Among all schools of thought there has been an increasing conviction that this Epistle is genuine. It was included in Marcion's Apostolicon, or list of Pauline writings, it is contained in the Muratorian Fragment, it is quoted by the great Fathers of the close of the 2nd century, and is found in the Old Latin and Peshitta Syriac versions of the New Testament. The earnest and affectionate tone of the Epistle is thoroughly Pauline, and the argument that it is not genuine because it does not contain the same pronounced anti-Jewish teaching as we find in Romans is precarious, though it has seemed to some sceptics to be convenient. The argument might be turned in the opposite direction. For it would be just as reasonable to say that the absence of anti-Jewish doctrine proves that the Epistle was written before the great conflict with the semi-Christian Jews began, as to say that it proves that it was written by a forger after the conflict was over. One paragraph in the Epistle points decisively to an early date. In iv. 13-18 we find that some Thessalonians were under the delusion that it would be an exceptional thing for a Christian to die before the second coming of our Lord, and that those who did so die would miss some of the felicity appointed for the rest. Such a delusion must have been dispelled at a very early date. Moreover, the {126} comfort which St. Paul administers to those who are agitated by this notion gives us the idea that he expected Christ to return in his own lifetime. In this respect he writes to the Thessalonians something very different from what he writes in his later Epistles (Phil. i. 21-24; 2 Tim. iv. 6), or even in 2 Cor. v. 1. We need not be surprised that God left the great apostle in ignorance of an event which it is not given even to the angels to understand (Matt. xxiv. 36). But a forger, living after the apostle's death, would not be at all likely to represent his hero as falling into such a mistake.

[Sidenote: To whom written.]

Thessalonica, the modern Saloniki, was the capital of part of Macedonia, situated in the middle of the bend of the Thermaic Gulf, and not far from Mount Olympus, the snow-clad home of the gods of Greece. It was a busy mercantile town, and in ready communication with Italy, as the great road called Via Egnatia passed through its walls. It contained then, as now, a considerable number of Jews among its inhabitants. In Christian times it became a great ecclesiastical centre, and was influential in the conversion of the Slavs and Bulgarians. It is still famous for its splendid Byzantine churches, though the finest have long since been converted into mosques by the Turks.

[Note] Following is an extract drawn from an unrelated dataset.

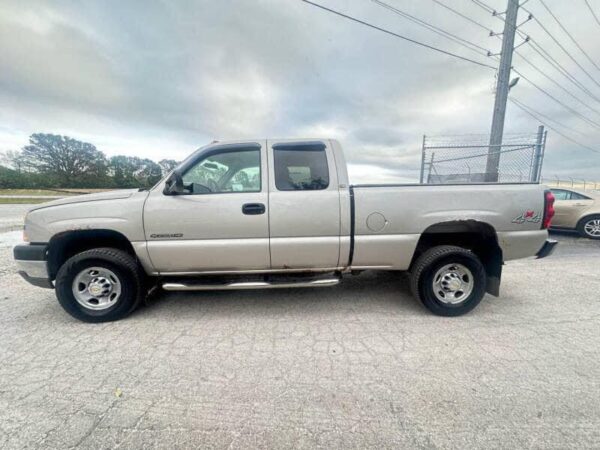 2005 Chevrolet Silverado 2500HD - Image 6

The Church was planted there by St. Paul on his second missionary journey, in A.D. 50 (Acts xvii.). He preached first to the Jews, and after his third visit to the synagogue he was rejected by the Jews, and he turned to the Gentiles. Some of these Thracian Gentiles were converts to Judaism, but they were people whose character could be trusted. In the mean time his Philippian converts twice sent aid to him (Phil. iv. 16). Previous to this the apostle had been earning his own bread, no doubt by tent-making. St. Paul was forced to leave Thessalonica in consequence of a riot stirred up by the Jews. He visited it again before his last journey to Jerusalem in A.D. 56.

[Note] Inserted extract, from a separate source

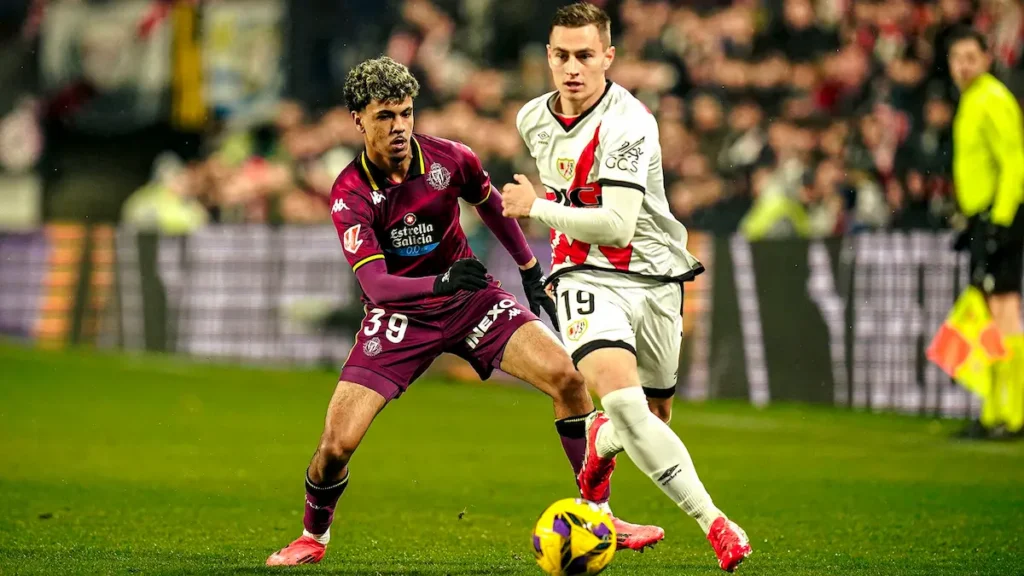 Adam Aznou pelea por un balón ante De Frutos en un partido de LaLiga EA Sports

1 Thess. i. 9 shows that the majority of the Christians had {127} been Gentile idolaters, though there were a few of Jewish blood. It was among the sturdy people of Macedonia that St. Paul won his steadiest recruits for Christ. Here, as in the letter to Philippi, we find that he uses words of more than ordinary affection. These converts are to St. Paul his "joy and crown" (1 Thess. ii. 19; Phil. iv. 1). He compares his relation with them to that of a nurse with her own children (1 Thess. ii. 7). When he wrote to the Corinthians he displayed his Macedonians as brilliant examples of Christian liberality and Christian loyalty (2 Cor. viii. 1-5). In this passage he alludes to their poverty, and these Epistles show that they had to work for their bread. They were exposed to bitter and continuous persecution from Jews, who were capable of inciting the roughs of the town to set on St. Paul (Acts xvii. 5).

[Sidenote: Where and when written.]

The Epistle was written from Corinth on the occasion of St. Paul's first visit there. When St. Paul had to leave Beroea in A.D. 50, Silas and Timothy remained (Acts xvii. 14, 15; xviii. 5). He sent for them to meet him at Athens, and when they had come, he despatched Timothy to Thessalonica (1 Thess. iii. 2). In October A.D. 50, St. Paul arrived at Corinth from Athens: Timothy and Silas rejoined him at Corinth, and the letter was written soon afterwards, probably early in A.D. 51.

[Sidenote: Character and Contents.]

The immediate cause of the Epistle was the arrival of Timothy with news from Thessalonica. The apostle's reasons for writing were: (a) to calm and encourage the converts whom he had so abruptly left; (b) to urge them to perform their ordinary duties. They had fallen into a state bordering on religious hysteria. Quite determined to be true to Christ, they had been demoralized by the strain of facing constant hostility. They had begun to take excessive interest in unfulfilled prophecy and eschatological speculation. The result was that individuals had become careless as to the performance of simple duties.